Intervengono a raccontarsi infatti Putin, una bancaria, un regista teatrale e il suo tecnico delle luci, uno storno di uccelli, un impiegato di un supermercato, una ballerina classica e le sue allieve, l’educatrice di una bambina autistica, un’infermiera di notte, un condannato a morte, un ipnotista di professione (“Che io non sia in grado di distinguere ciò che sta succedendo da ciò che pensiamo stia succedendo?”), una personal shopper, assassini e violentatori, un prete buono che ha a che fare con un vescovo laido, un tecnico dell’intelligenza artificiale, una coppia di innamorati erranti dall’attività affettiva ed erotica senza sosta, uno storico, un politico, un inventore, uno scrittore, un pubblicitario, un orafo che fonde e lavora l’oro, un giocatore di calcio, un pugile, una coppia di attori porno, i fisici, gli astronomi, i musicisti, gli artisti etc. intervistati da Moresco, uno stragista di bambini in una scuola del Texas, un fabbricante di fuochi d’artificio, un filosofo, dei pinguini parlanti, Jeff Bezos, un teologo, un aspirante femminicida, mamma Martina assassina della figlia, Papa Francesco cristiano buono che scappa dalla Chiesa cloaca, migranti, un telescopio spaziale, un botanico, una ragazzina violentata che partorisce (si potrà ritenere si tratti della Madonna), una sarta che realizza vestiti per le feste alla medievale in Italia, un formichiere di silicio creato dall’IA, un allenatore di pugilato, un mago delle bolle di sapone, un alpinista, operai che lavorano sulle guglie del Duomo di Milano, un bambino che scappa dalla sua casa dove il padre massacra di botte la mamma, Gita che faceva teatro con le ombre e poi ne diventa regina, Gesù. E poi la voce, la voce ignota che a un certo punto si mette a cantare senza poter smettere e verso la quale si incamminano anelanti, ritrovandosi tutti insieme, questi personaggi, queste figure, questi animali.

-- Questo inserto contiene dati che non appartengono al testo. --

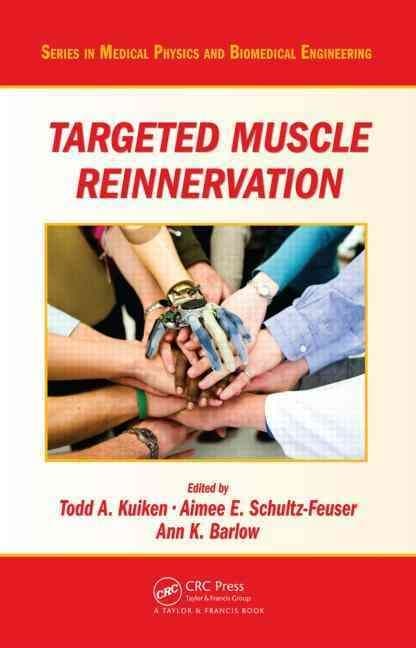 Targeted Muscle Reinnervation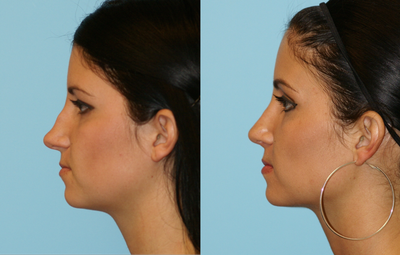 Nose Reshaping - 
	This patient wanted to treat the hump and dips in her nose which would show up in photographs.The doctor performed an Endonasal Rhinoplasty (no external sutures required, to straighten her nose and make it more elegantly balanced to her face.
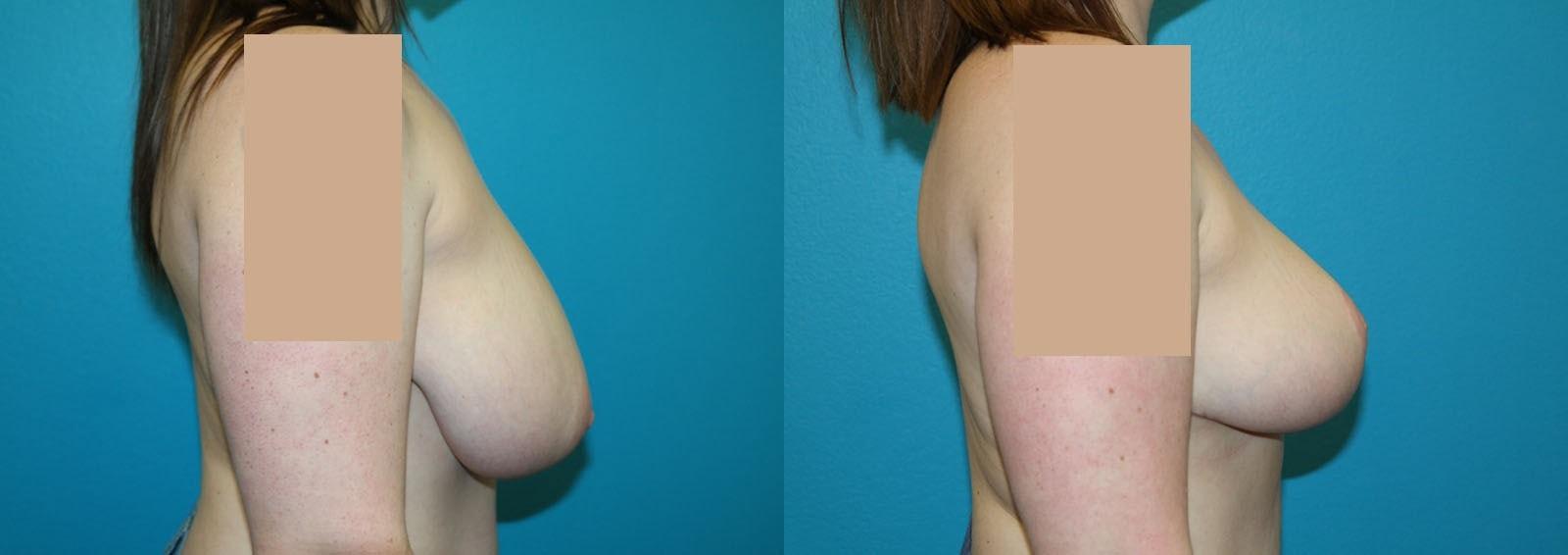 Dr. Candis Lovelace, MD, FACS breast reduction result — Fort Worth, TX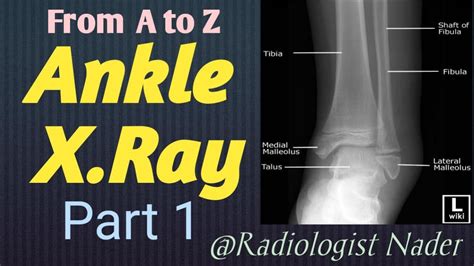 اوضاع تصوير الكاحل بالاشعة العادية مع التشريحالجزء الاول Ankle Xray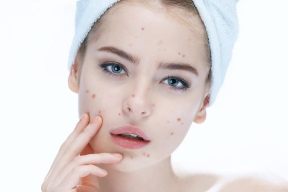 Làm sao để mụn không tấn công sau Tết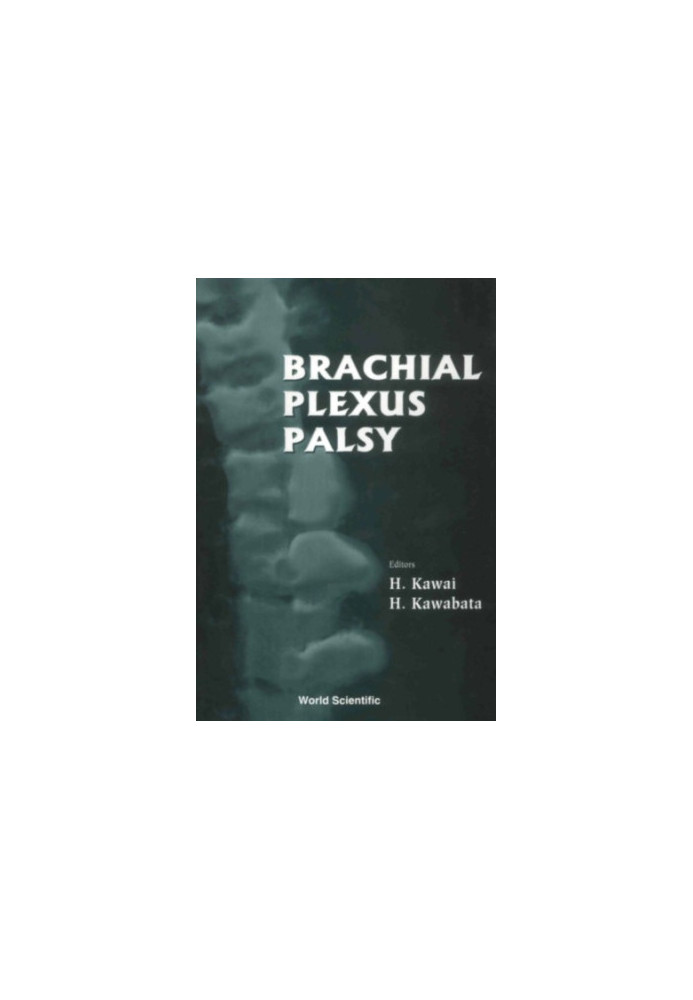 Brachial plexus palsy
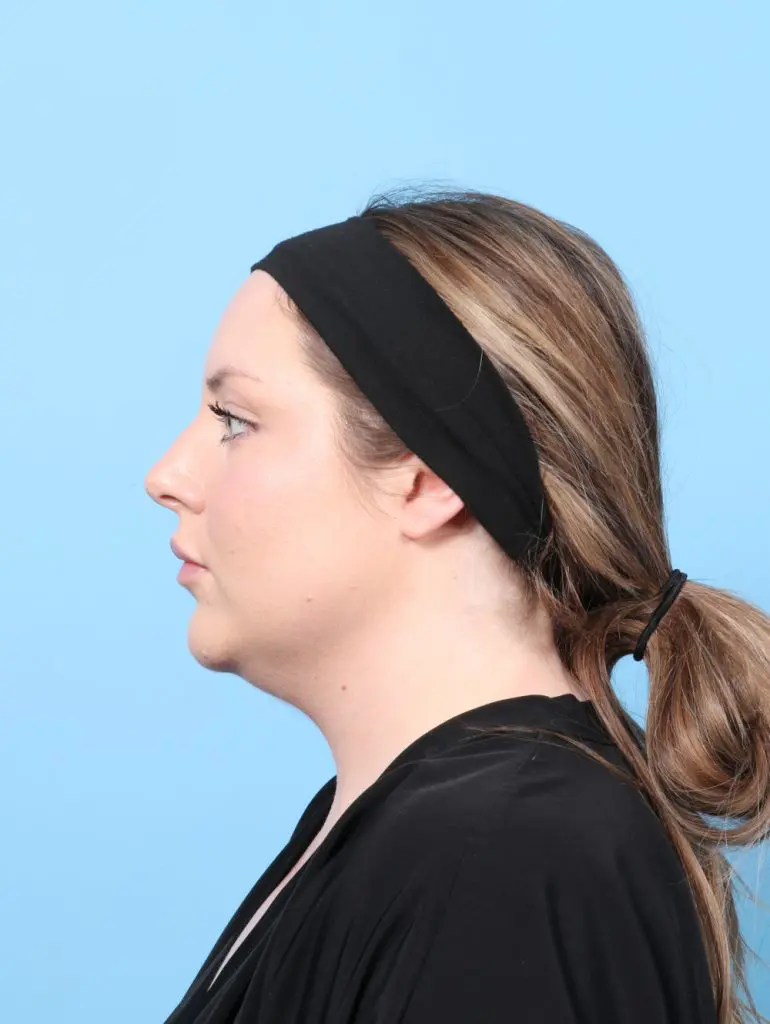 Submental Liposuction - Case 61522 - Before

Questo elenco aiuta a farsi una idea della tragica, surreale, grottesca, dolorosa vicenda di questo Canto del buio e della luce più di ogni tentativo di raccontarla o di cercare di interpretarne le intenzioni e i simbolismi. Tutti, pur nel buio più assoluto, continuano a muoversi, a sperare e a disperarsi, a fare cose, a incamminarsi. La vita del mondo è sconvolta, privata dell’elemento che le ha permesso di essere, la luce. Eppure questa vita, tenacemente e incredibilmente, continua, perplessa, tristissima, ma, ancora una volta questo il pensiero centrale di Moresco, non peggiore, non più infelice, non più cattiva di prima, di quando c’era la luce. L’abominio c’era anche prima. Forse è Dio, dice a un certo punto qualcuno, ad aver mandato le tenebre, ma nelle tenebre eravamo immersi anche prima. Anche il regno di prima era del demonio. Nel buio continua tutto come prima, tutto il male c’era già. Le guerre continuano anche al buio, come le violenze, le torture, le sopraffazioni, il male in tutte le sue forme. Chi lo sa perché, si chiede il Canto, questa macchina di dolore nella luce che è la vita sarà diventata una macchina del dolore nel buio?

Al cospetto di questo interrogativo Moresco non sa e non può rispondere. Il mondo è condannato senza appello. Si, esistono i buoni, i deboli e gli innocenti. Ma questo rende la condanna senza appello ancora più dura.